Conceptual Revisited. About Mario Torres García

Link to the article in A*DESK

In a playful and nostalgic way at the same time, Mario García Torres’ work tends to revisit conceptual art. In his first solo exhibition in Barcelona he investigates the secrets that accompanied a work by Robert Barry.

Like other artists of his generation, Mario García Torres (Mexico, 1975) is a direct heir to the discourses of conceptual artists of the 60s and 70s. However, the most notable aspect of García Torres’ approach is an almost detective-like or historiographical interest in exploring works, proposals or moments that are not very visible in conceptual art in order to, from a personal point of view, discover new readings and meanings.

With his work, García Torres shows the apathy with which art history is written by republishing the same data, descriptions and interpretations in successive studies, without subjecting them to critical revisions. In this way, a work based on instructions can go down in history as a simple statement without anyone ever taking the trouble to investigate the proposal, its processes, its participants and, why not, its results. In this way, works that at the time tried to integrate art and life, to put the emphasis on the process over the finished object, that resisted being shown (and recorded, presented and preserved) and that proposed to test the limits of the institution, were incorporated into history as simple statements, as records or as documents that could not be transmitted except when “deactivated.”

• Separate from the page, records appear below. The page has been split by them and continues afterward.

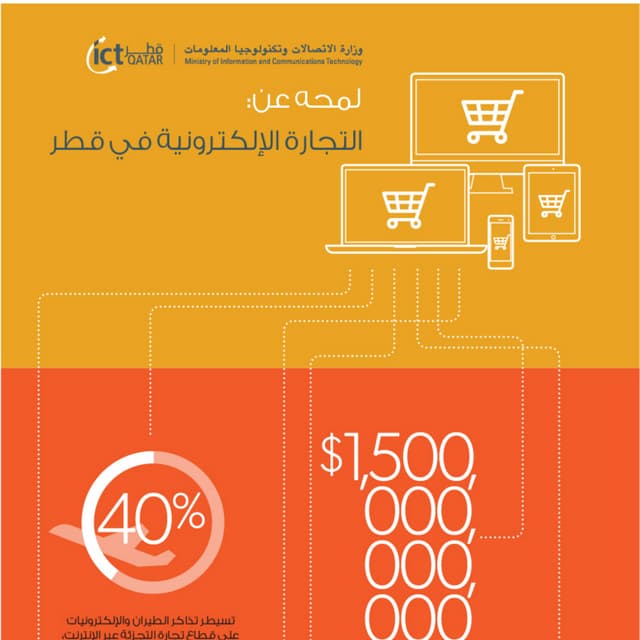 منتدى قطر للتجارة الإلكترونية 2015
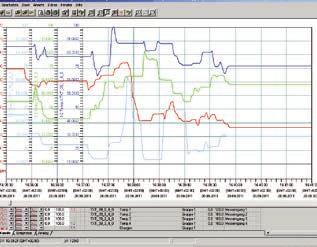 Piece przemysłowe Temperatura Regulacja Rejestracja Monitoring Automatyzacja i wizualizacja Aplikacja Oprogramowanie Oprogramowanie do analizy danych PCA3000.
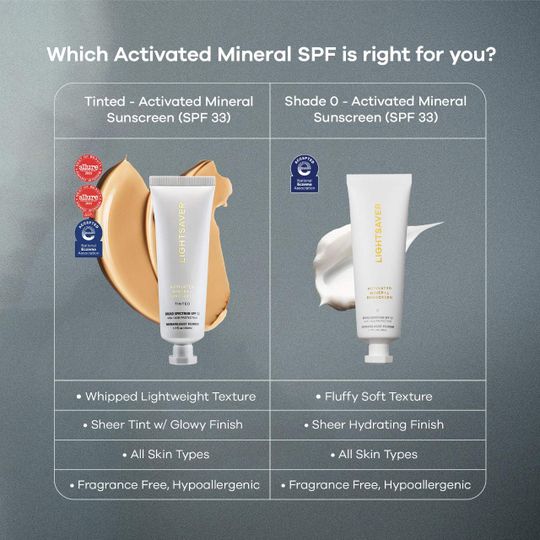 Tinted - Activated Mineral Face Sunscreen Broad Spectrum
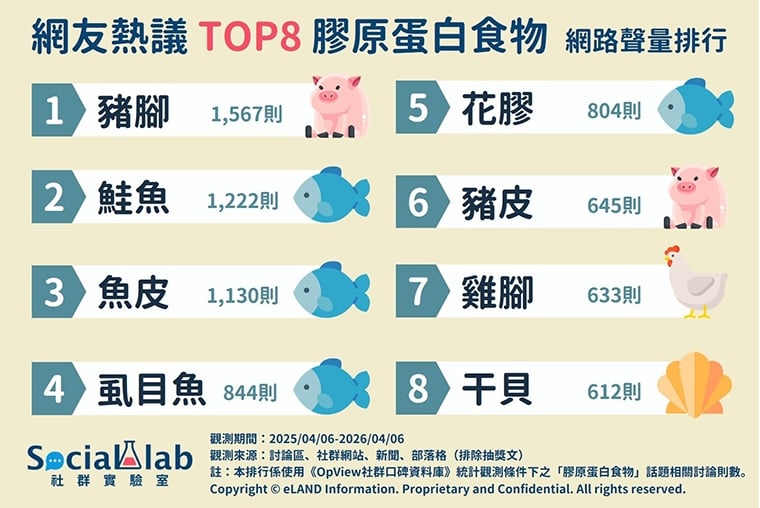 搭配維他命C是關鍵！ 網友最常點名8大膠原蛋白食物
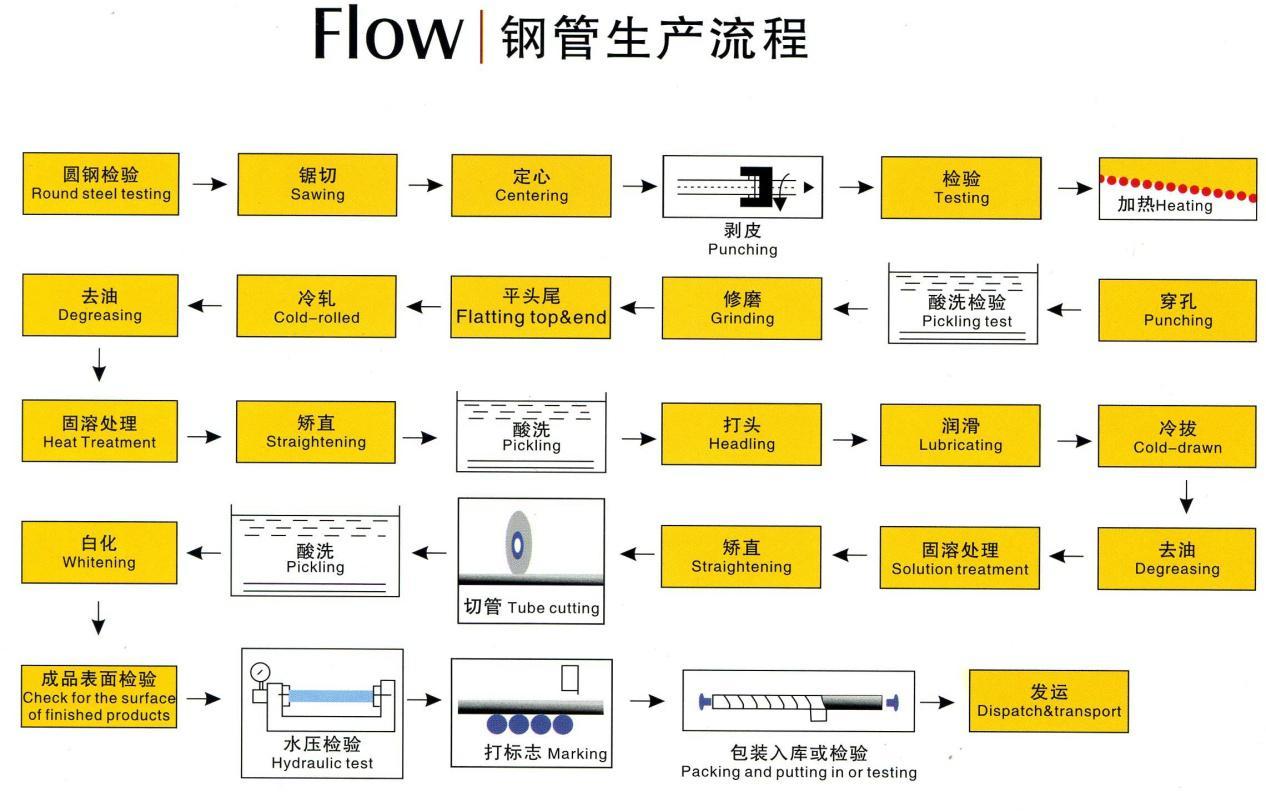 Production process flow of stainless steel seamless pipe
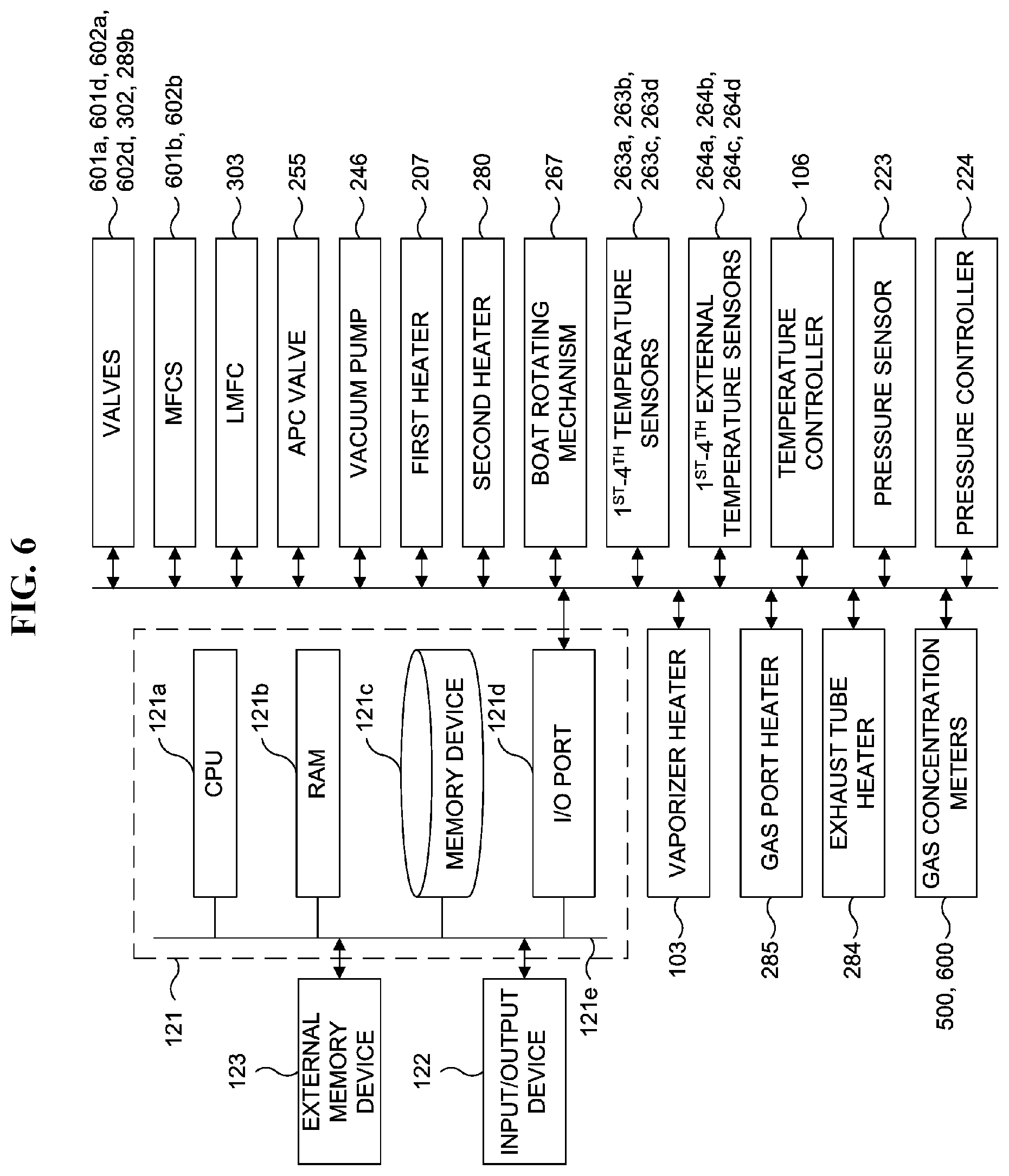 Patent US12368043 Figure 6 – Substrate processing apparatus, processing method, and non-transitory computer-readable recording medium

Based on these concerns, Mario García Torres intends to activate some of these proposals, to bring the potential of stories to the forefront or, in other words, to bring us closer to important but low-visibility moments. With a very conceptual approach, García Torres’ exhibition at Espai 13 is articulated around four works that, from different perspectives, bring up numerous issues that bring us closer to conceptual references from new perspectives. Something like “everything you always wanted to know about conceptual art but were afraid to ask.” In that sense, the most outstanding piece in the exhibition is “What happens in Halifax, stays in Halifax (in 36 slides)”, in which the artist did research on a proposal by Robert Barry from 1969 that consisted of a group of art students in Halifax (Canada) thinking up a shared idea and keeping it secret, even from Barry himself. García Torres’ interest was focused not so much on talking to Barry in the first instance, but with the students participating in the project. To do this, he had to locate each one of them and question them about an event that had taken place in their lives more than thirty years ago, with the aim of analyzing what it meant for them to participate in this proposal and, at the end of the process, contact Barry and find out what the piece meant to him, although this is an aspect that is secondary for García Torres. The formal result is a projection of thirty-six slides in which images of the locations associated with the project are combined with subtitles, giving rise to an essay that gives new meaning to Barry’s proposal.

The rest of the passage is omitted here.